2.1 Greek philosophical foundations
The Greek philosophers wanted to know how the changeable world they saw around
them was related to the world of knowledge which contained immutable and eternal
truths. Plato (c.27-347 BC) thought that what we knew truly were the forms
of things, since these eternally existed whether or not physical objects existed
to embody the forms. The contemplation of forms as such, Plato thought, was the
proper intellectual activity. In particular, the contemplation of the ‘form of the
good’, which he took as the ‘good itself’, was an experience akin to uplifting mystical
insights. This kind of quasi-religious experience lead Plato to place greater emphasis
on forms rather than on the physical world.

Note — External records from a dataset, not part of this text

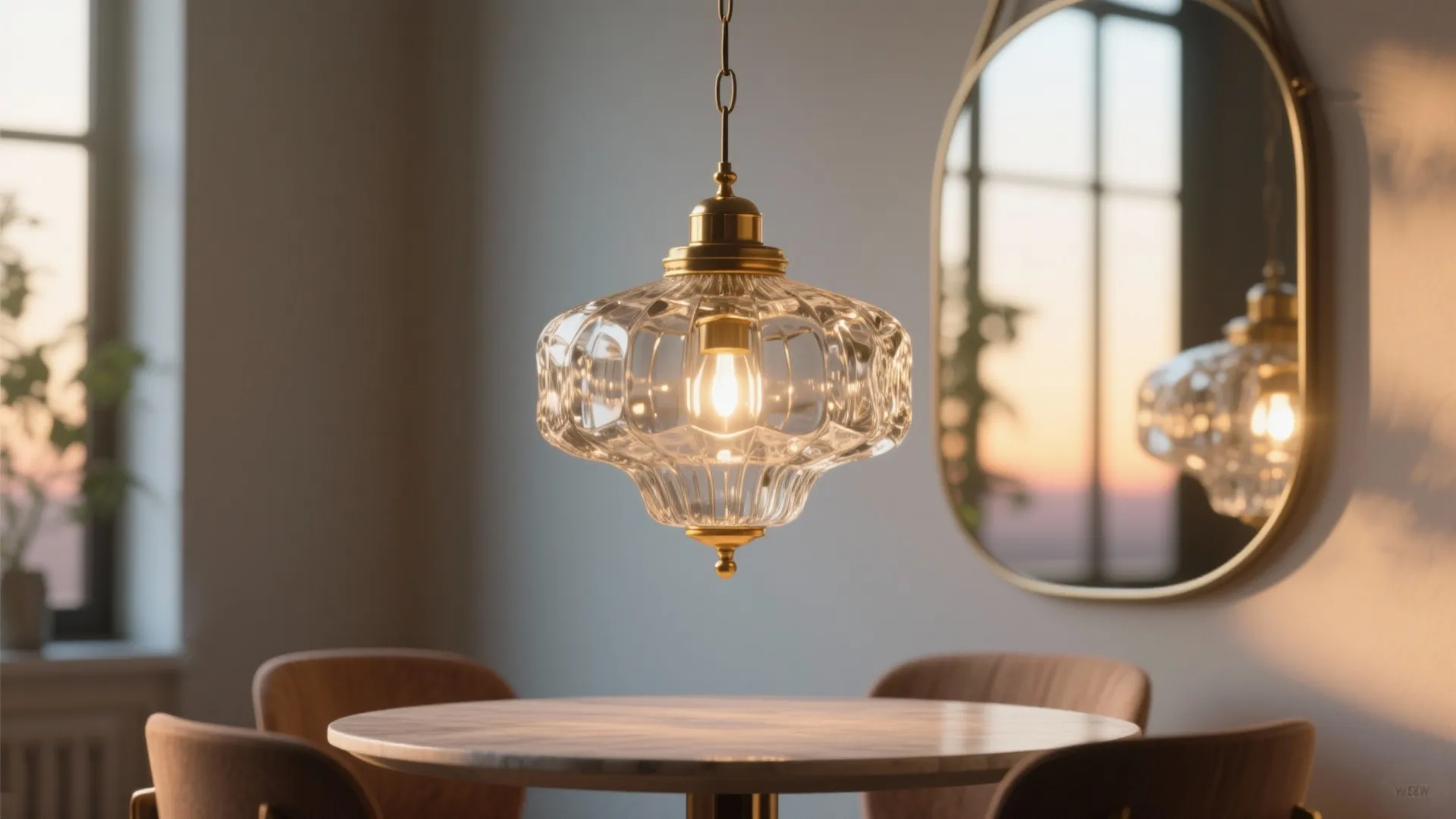 Glass ceiling light hanging above a dining table with chairs and a round wall mirror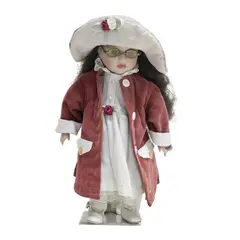 Foto de um(a) Boneca em biscuit, da categoria de Bonecas. Antiga boneca em biscuit com olhos de vidro, apresenta vestimenta de época e acompanha suporte original. Em bom estado,... Vendido no marketplace Trésors.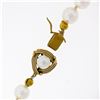 Image 6 : 18" 7.5 to 8mm Pearl Strand Necklace w/ 14K Yellow Gold Twisted Wire Knot Clasp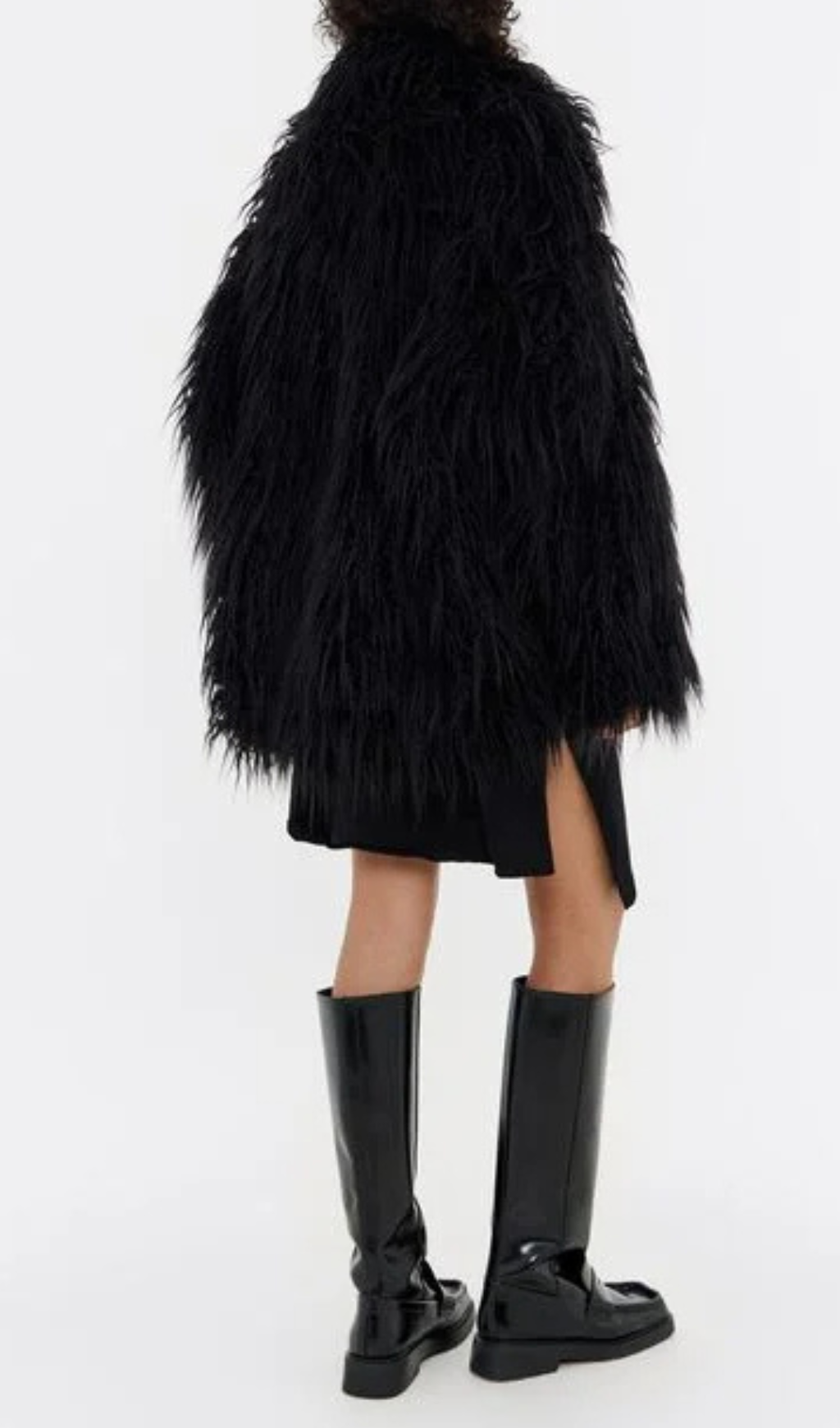 SHORT BLACK FUR COAT FOR PARTY STYLE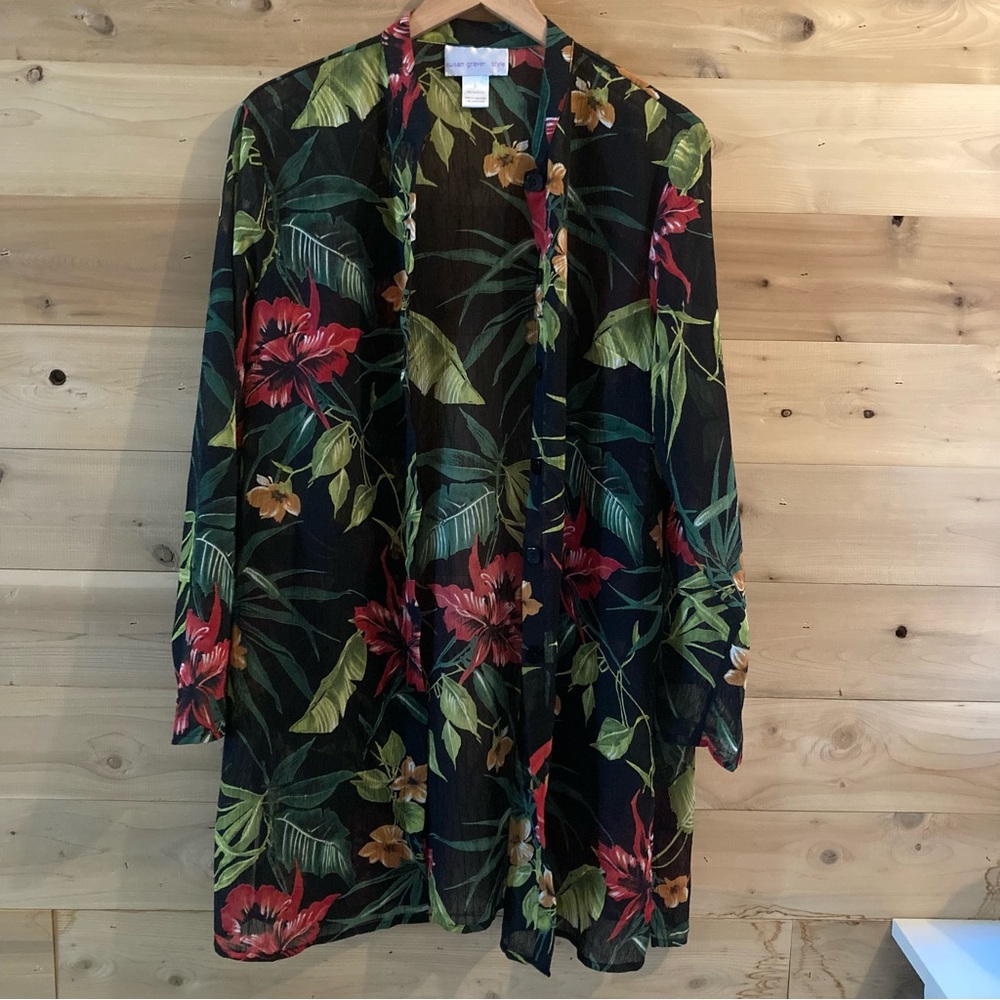 Susan Graver sheer lightweight floral button down kimono tunic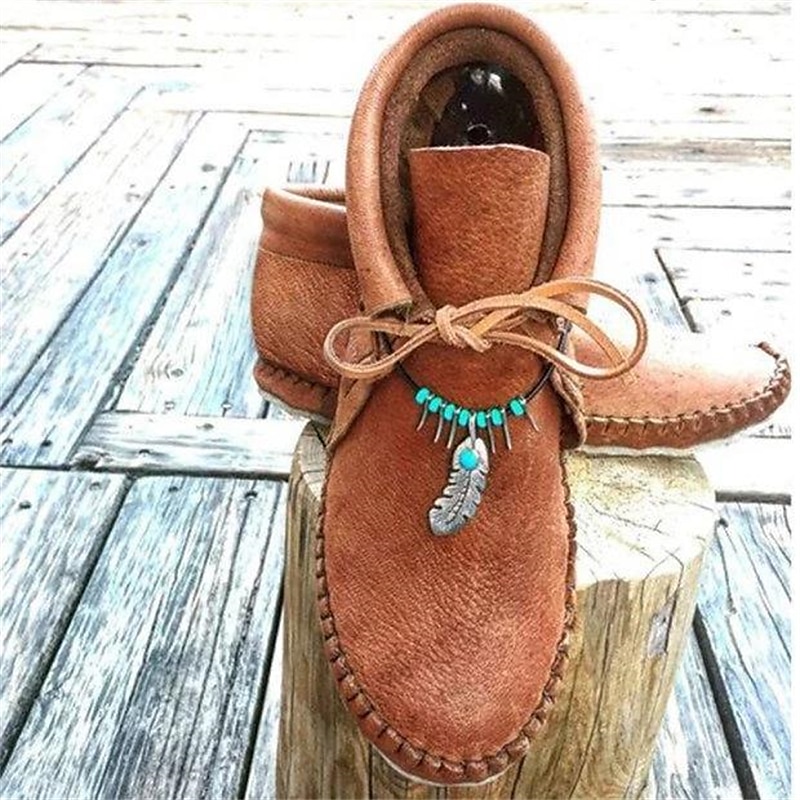 Botas femininas de cano curto mocassim de couro sintético com detalhes de penas e contas, calçados casuais confortáveis para uso ao ar livre e no dia a dia de 2025 por $42.99 –P6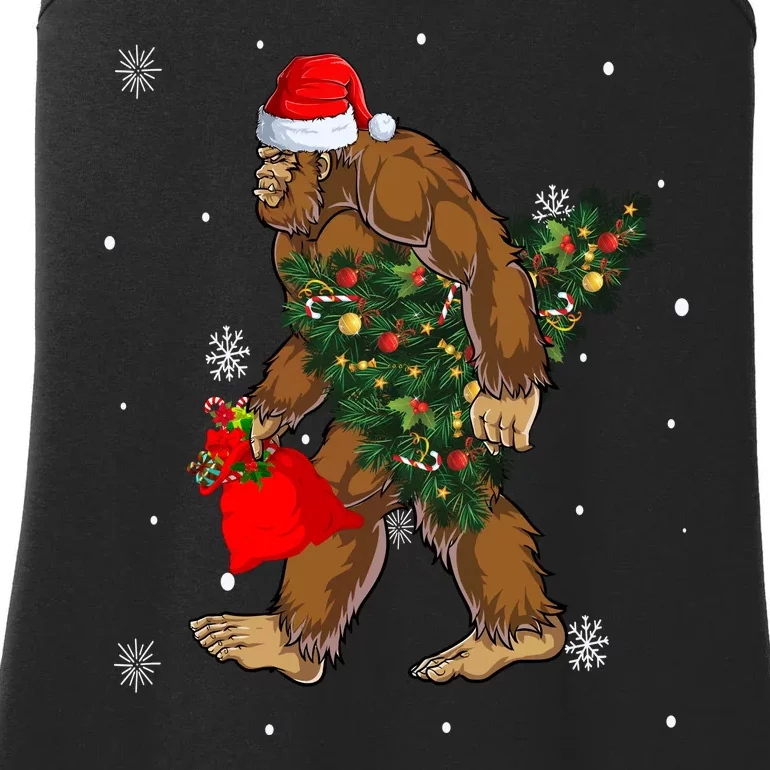 Bigfoot Christmas Holiday Festive Ladies Essential Tank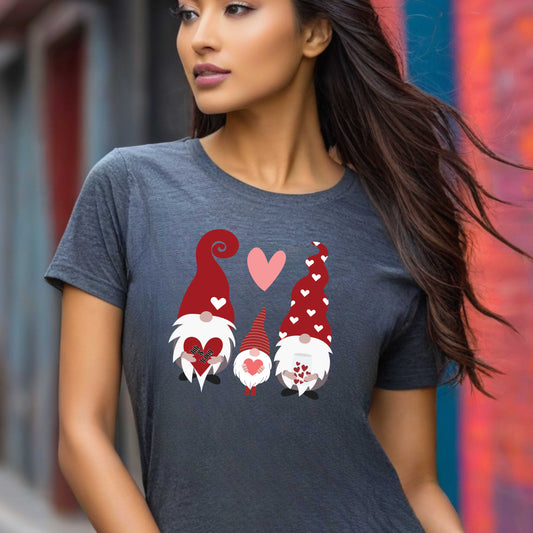 Three Gnome Love with Hearts T-Shirt
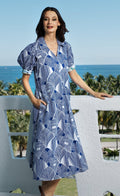 Dizzy-Lizzie Montauk Dress - Navy White Geo  Print available at Barbara Katz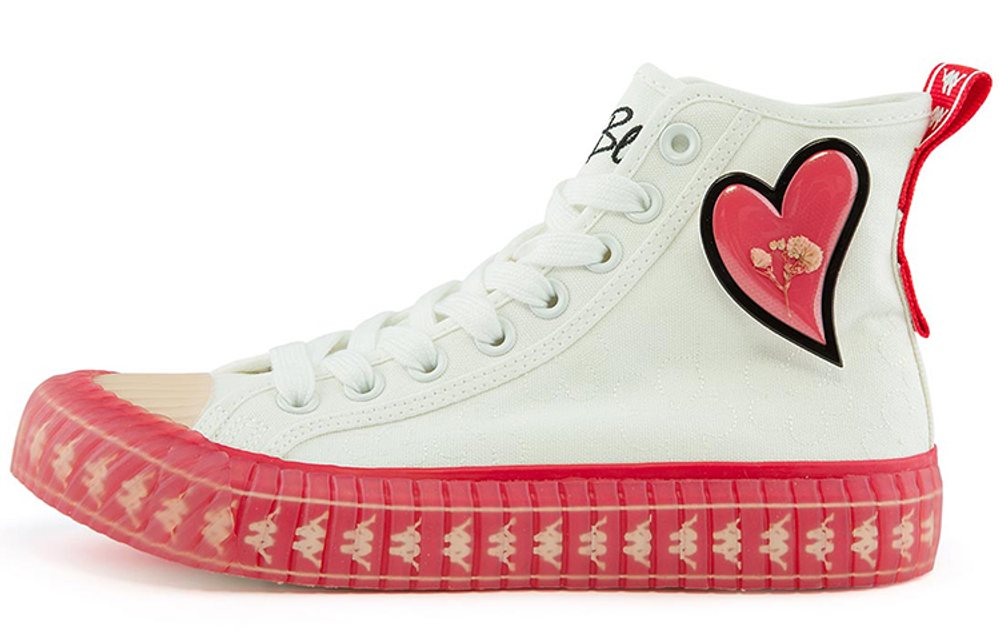 Kappa Slip Resistant Abrasion Resistant High top Canvas Shoes Women"s Pink White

The result of Plato’s emphasis on the pure forms as being what were absolutely
real was an implication that the physical world was a ‘poor shadow’ of what was
real. This shadow is what we would see on a cave wall when we are not facing the
light. The physical universe is perhaps created by a subsidiary god or demiurge,
not by the Absolute itself. Our task in life, according to Plato, is to love wisdom
in order to raise ourselves out of immersion with everyday concerns. Philosophy
enables us to live properly in our souls, which are ‘self-moving’ and hence have
life in themselves and are capable of perceiving rational and transcendent forms.
Our souls are certainly not the ‘harmony of our body’, Plato insists, since sometimes
they act contrary to bodily inclinations.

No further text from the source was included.